The Khaisoor incident was not a one-off. Between May 2009 and June 2011, at least fifteen attacks on rescuers were reported by credible news media, including the New York Times, CNN, Associated Press, ABC News and Al Jazeera.

It is notoriously difficult for the media to operate safely in Pakistan’s tribal areas. Both militants and the military routinely threaten journalists. Yet for three months a team of local researchers has been seeking independent confirmation of these strikes.

Eyewitness accounts
The researchers have found credible, independently sourced evidence of civilians killed in ten of the reported attacks on rescuers. In five other reported attacks, the researchers found no evidence of any rescuers – civilians or otherwise – killed.

The researchers were told by villagers that strikes on rescuers began as early as March 2008, although no media carried reports at the time. The Bureau is seeking testimony relating to nine additional incidents.

Often when the US attacks militants in Pakistan, the Taliban seals off the site and retrieves the dead. But an examination of thousands of credible reports relating to CIA drone strikes also shows frequent references to civilian rescuers. Mosques often exhort villagers to come forward and help, for example – particularly following attacks that mistakenly kill civilians.

Other tactics are also raising concerns.  On June 23 2009 the CIA killed Khwaz Wali Mehsud, a mid-ranking Pakistan Taliban commander. They planned to use his body as bait to hook a larger fish – Baitullah Mehsud, then the notorious leader of the Pakistan Taliban.

‘A plan was quickly hatched to strike Baitullah Mehsud when he attended the man’s funeral,’ according to Washington Post national security correspondent Joby Warrick, in his recent book The Triple Agent. ‘True, the commander… happened to be very much alive as the plan took shape. But he would not be for long.’

The CIA duly killed Khwaz Wali Mehsud in a drone strike that killed at least five others.
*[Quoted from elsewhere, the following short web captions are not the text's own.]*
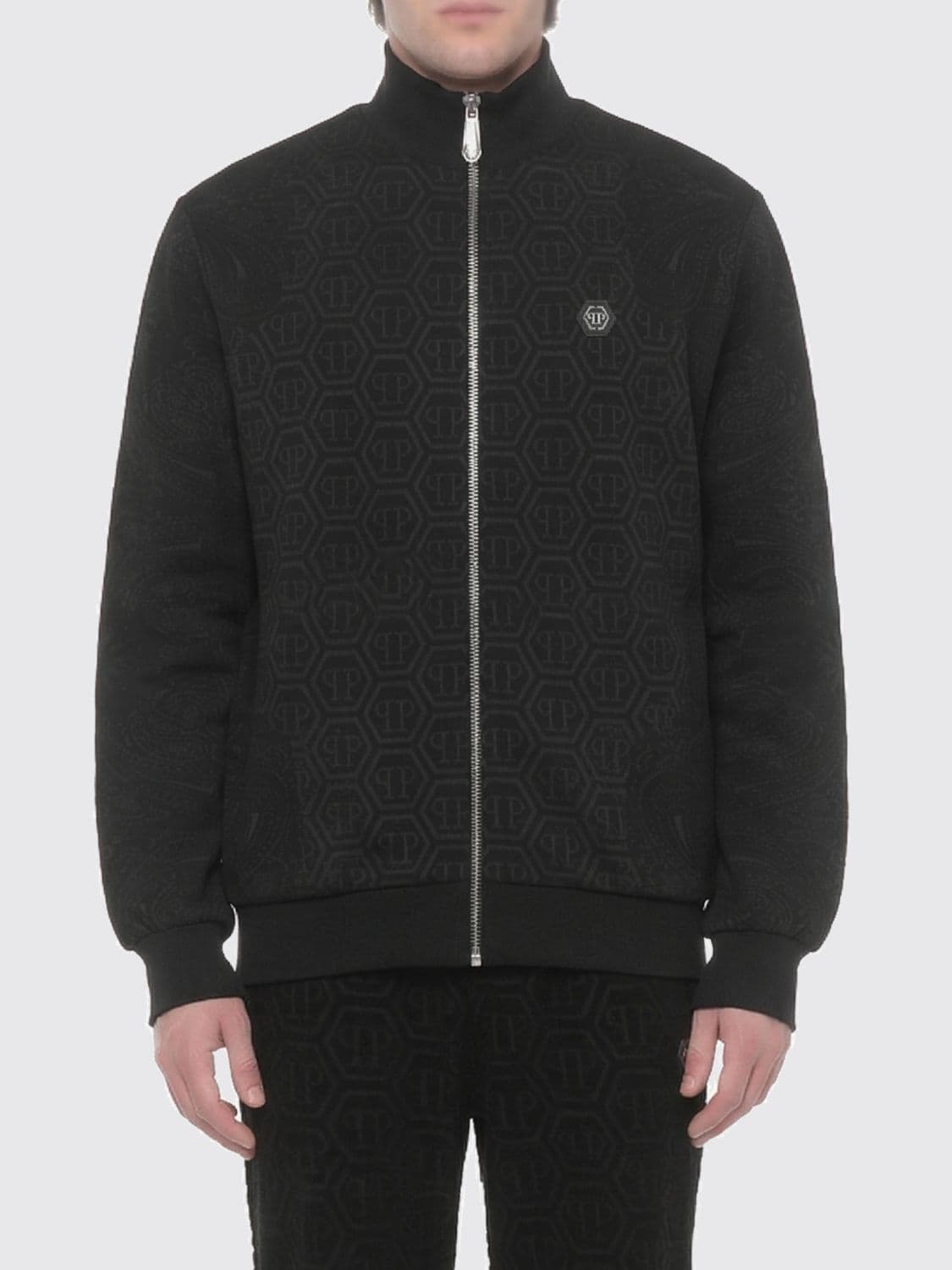 Philipp Plein Monogram Cotton Blend Zip-Up Sweatshirt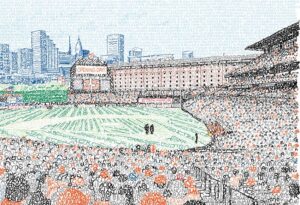 Art - Oriole Park at Camden Yards drawn using player names.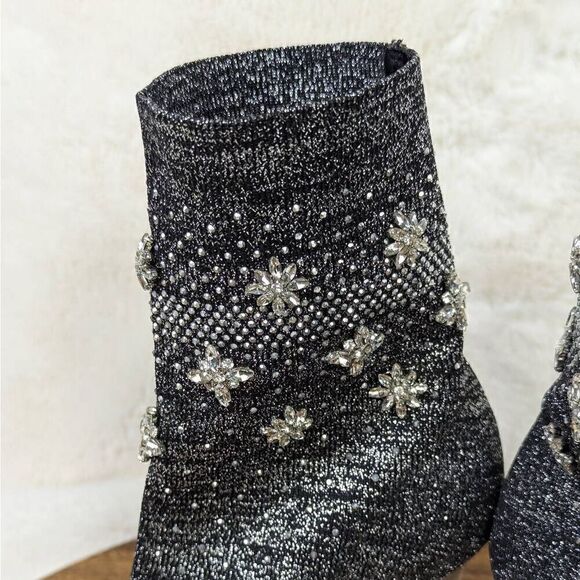 Badgley Mischka Viva Peep Toe Sock Bootie Heels Women’s Size 6.5 Black Silver - Picture 8 of 15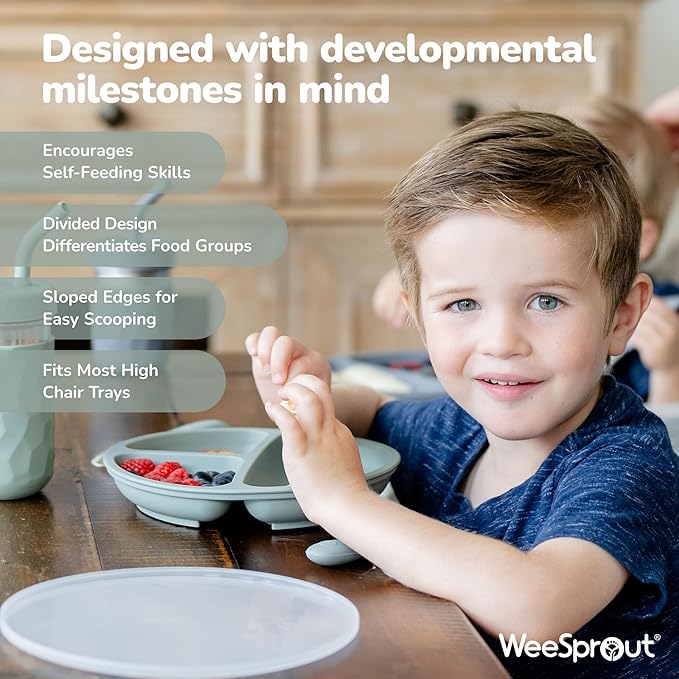 WeeSprout Silicone Divided Plates (With Lids), 100% Food Grade, Toddler & Kids Plates, Dishwasher & Microwave Safe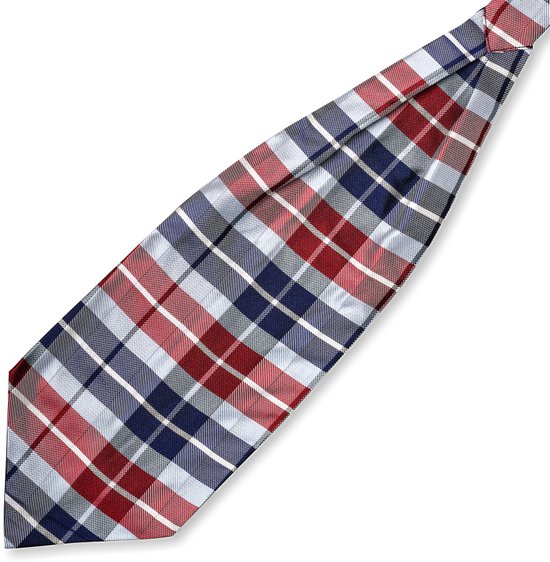 Cravate Ascot en soie à motif à carreaux bleu et bordeaux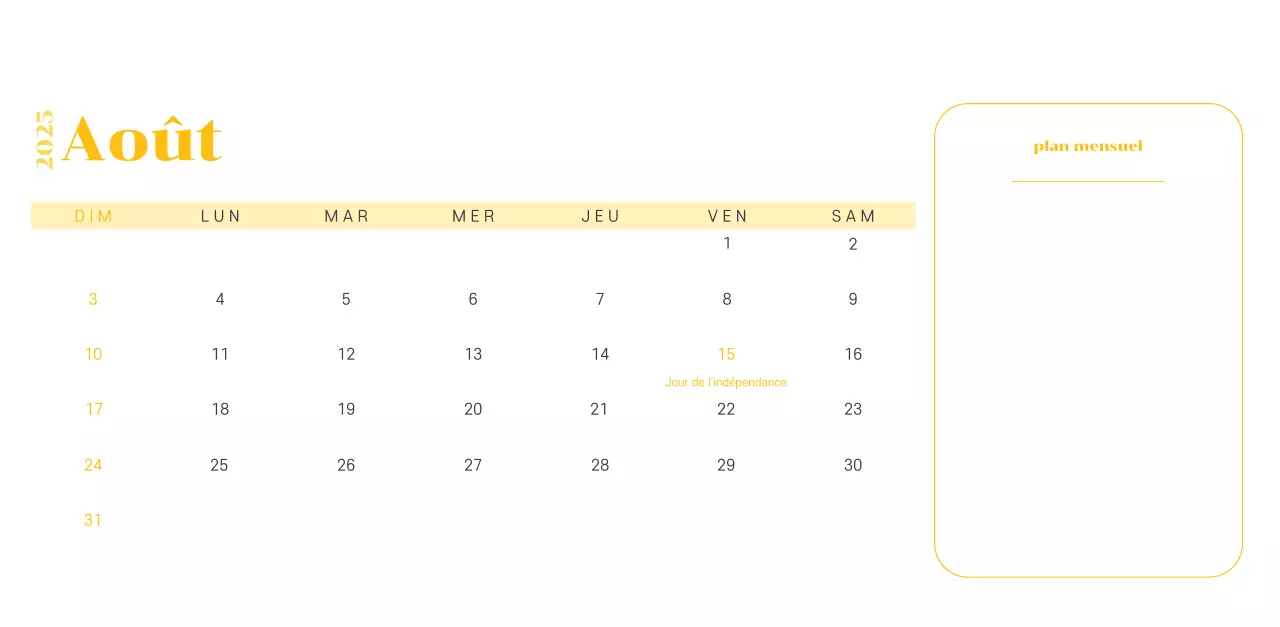 Calendrier avec illustrations de jeunes sur fond jaune-vert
Speaking with the Bureau, Pulitzer Prize-winner Warrick confirmed what his US intelligence sources had told him: ‘The initial target was no doubt a target anyway, as it was described to me, as someone that they were interested in. And as they were planning this attack, a possible windfall from that is that it would shake Mehsud himself out of his hiding place.’

Up to 5,000 people attended Khwaz Wali Mehsud’s funeral that afternoon, including not only Taliban fighters but many civilians.  US drones struck again, killing up to 83 people. As many as 45 were civilians, among them reportedly ten children and four tribal leaders. Taliban leader Baitullah Mehsud escaped unharmed, dying six weeks later along with his wife in a fresh CIA attack.

Clive Stafford-Smith, the lawyer who heads the Anglo-US legal charity Reprieve, believes that such strikes ‘are like attacking the Red Cross on the battlefield. It’s not legitimate to attack anyone who is not a combatant.’

Christof Heyns, a South African law professor who is United Nations Special Rapporteur on Extra- judicial Executions, agrees. ‘Allegations of repeat strikes coming back after half an hour when medical personnel are on the ground are very worrying’, he said. ‘To target civilians would be crimes of war.’ Heyns is calling for an investigation into the Bureau’s findings.

One of the most devastating attacks took place on March 17 last year, the day after Pakistan had released American CIA contractor Raymond Davis, jailed for shooting dead two men in Lahore. Davis had been held for two months and was released after the payment of blood money said to be around $2.3m.

A case of retaliation?
The Agency was said to be furious at the affair. The following day when a massive drone strike killed up to 42 people gathered at a meeting in North Waziristan, Pakistani officials believed it to be retaliation.

The commander of Pakistan forces in the area at the time was Brigadier Abdullah Dogar. He admits that in drone attacks in general ‘people invariably get reported as innocent bystanders’. But in that case he has no doubt. ‘I was sitting there where our friends say they were targeting terrorists and I know they were innocent people’, he said.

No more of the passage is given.